**Collected material:**
*****

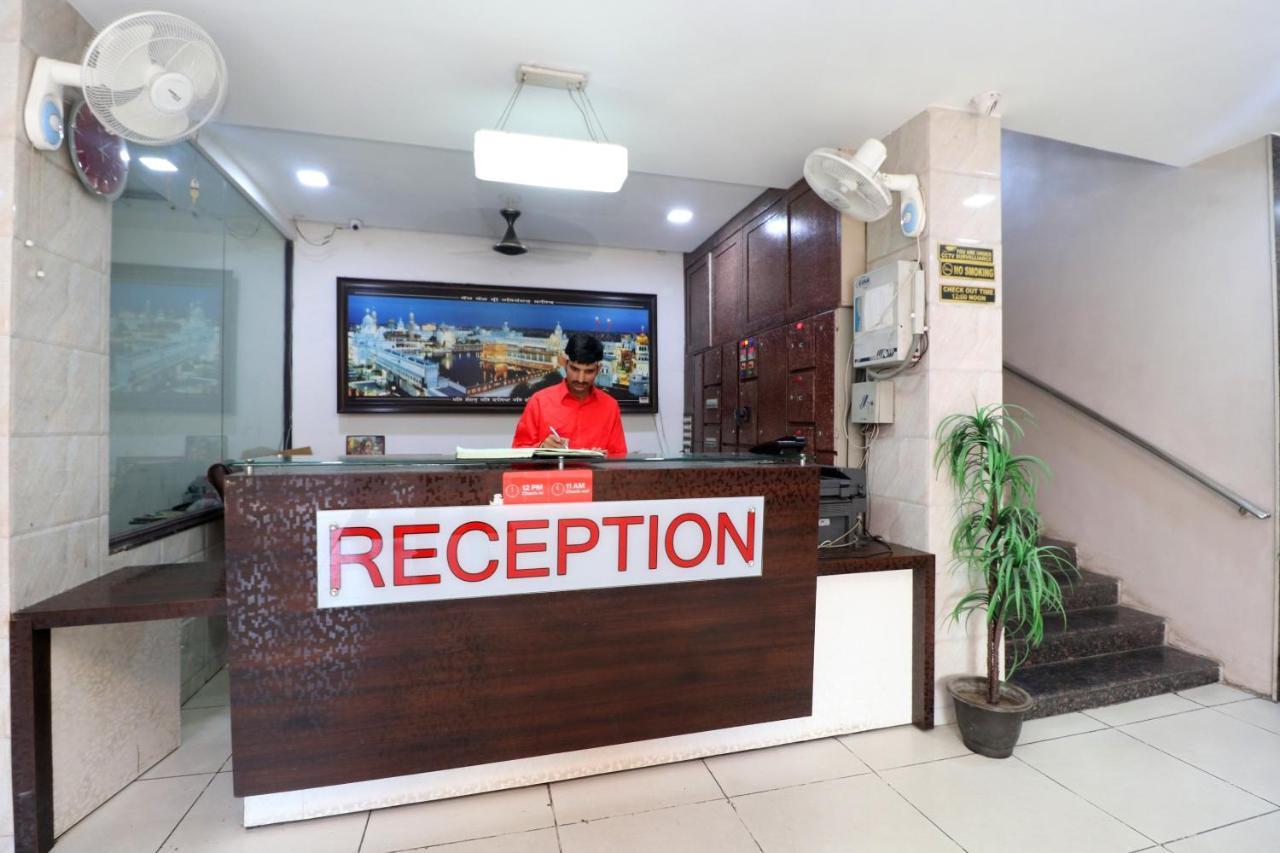 Oyo 23357 Raj Tirath Niwas Hotel
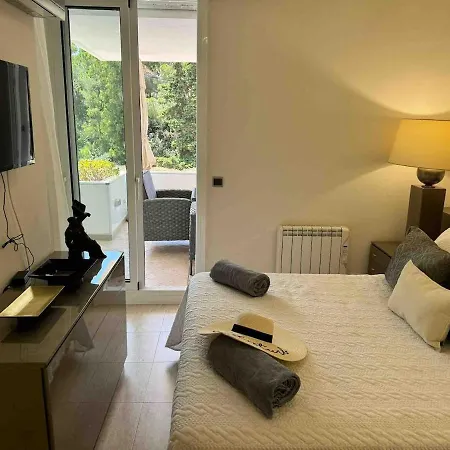 Cala Bona - Beachfront Apartment *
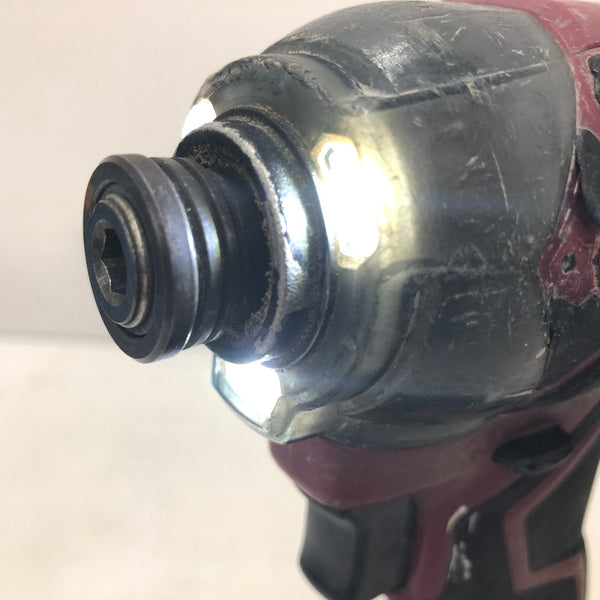 コードレスインパクトドライバ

*****

**Exercise instructions:** Exactly as written above, print every line of the data but not its pictures.

**Exercise answer:**
 Oyo 23357 Raj Tirath Niwas Hotel
 Cala Bona - Beachfront Apartment *
 コードレスインパクトドライバ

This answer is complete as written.